NNPA, News Report, Joseph Guyler

 PORT-AU-PRINCE  – U.N. officials in Haiti are saying that the response given by the international community to the devastating earthquake disaster was good. But six months after the earthquake that killed as many as 300,000 people, survivors in makeshift tent cities continue to express growing discontent with aid relief efforts.

“I have four children and over the past two days I have not been able to cook anything to feed the children,” said 40-year-old mother Medgine Morancy, holding her 4-year-old boy outside her plastic tent in an overcrowded camp in downtown Port-au-Prince.

“We rely only on some neighbors who sometimes share some food with us,” Morancy said. “All we’ve been receiving is water, but we can’t live only with water … We’re dying of hunger”.

The U.N. humanitarian coordinator and U.N. Secretary-General’s deputy special representative in Haiti, Nigel Fisher, said U.N. agencies and other humanitarian actors did a good job with the limited means available in the aftermath of what he said was the worst natural disaster ever in an urban area in the world.

“I am not saying more could not have been done, but I think the response provided so far, six months after the disaster, was good compared to previous disasters in other parts of the world,” Fisher stated.
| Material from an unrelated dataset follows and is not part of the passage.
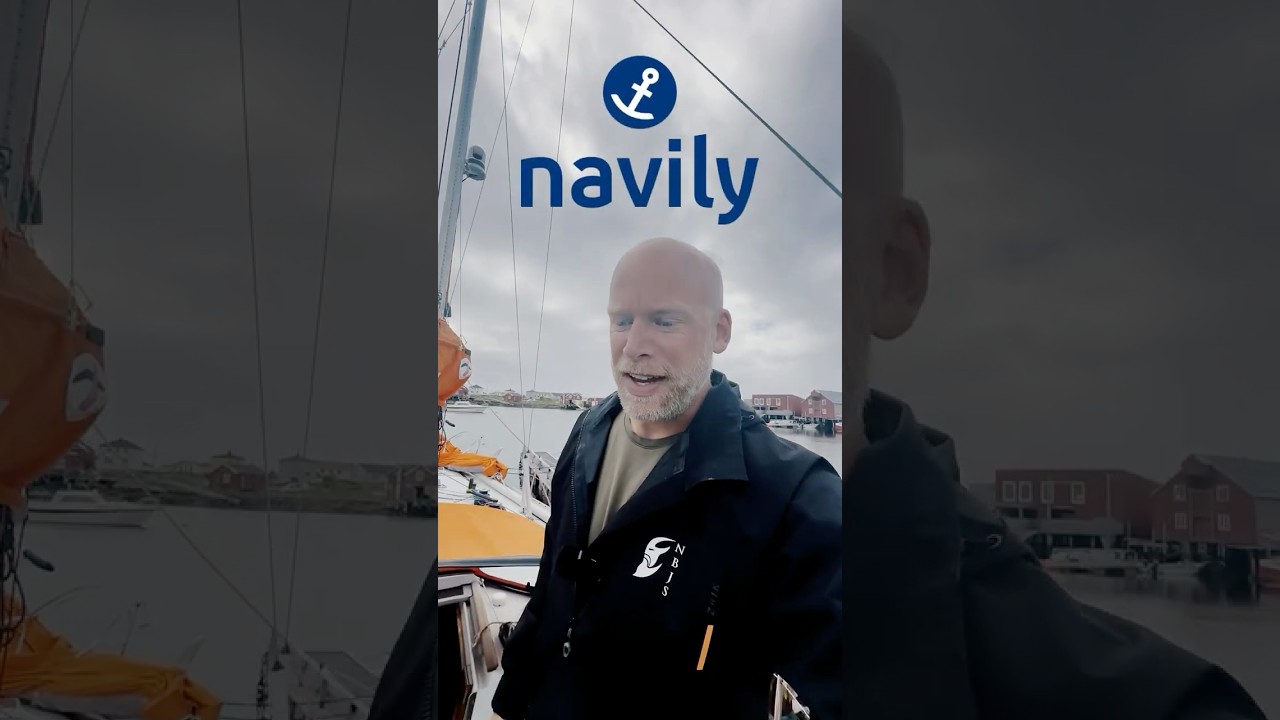 ⁣Check out the Navily app!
The Haitian government said up to 300,000 people died in the January 12, 7.0 magnitude earthquake that sent more than 1 million people leaving in makeshift camps in the Haitian capital Port-au-Prince and in other affected areas.

U.N. officials said more progress has been made in Haiti over the six-month period than in the hardest hit Indonesian province of Aceh, following the 2004 Indian Ocean tsunami.

“Six months after the tsunami in Aceh 700 temporary shelters were built. However in Haiti we have more than 3,700,” Fisher said. “In Aceh 14,000 people got temporary jobs through high labor intensity programs, while we have more than 200,000 working here,” he stated.

Fisher also mentioned the case of Kobe, in Japan, that was devastated in 1995 by a 7.2-magnitude earthquake that killed 6,400 people and left 300,000 people homeless. He said after 5 years of recovery, it’s only this year Kobe is getting back to the situation it was before the disaster.

“And all that occurred in an industrialized country with advanced social and economic infrastructures,” explained Fisher, showing how difficult it has been for the poorest country in the western hemisphere to cope with the aftermath of the disaster.

U.N. officials said 1.5 million people have already received temporary shelters, 4.3 million have received food assistance and 1.2 million receive potable drinking water everyday.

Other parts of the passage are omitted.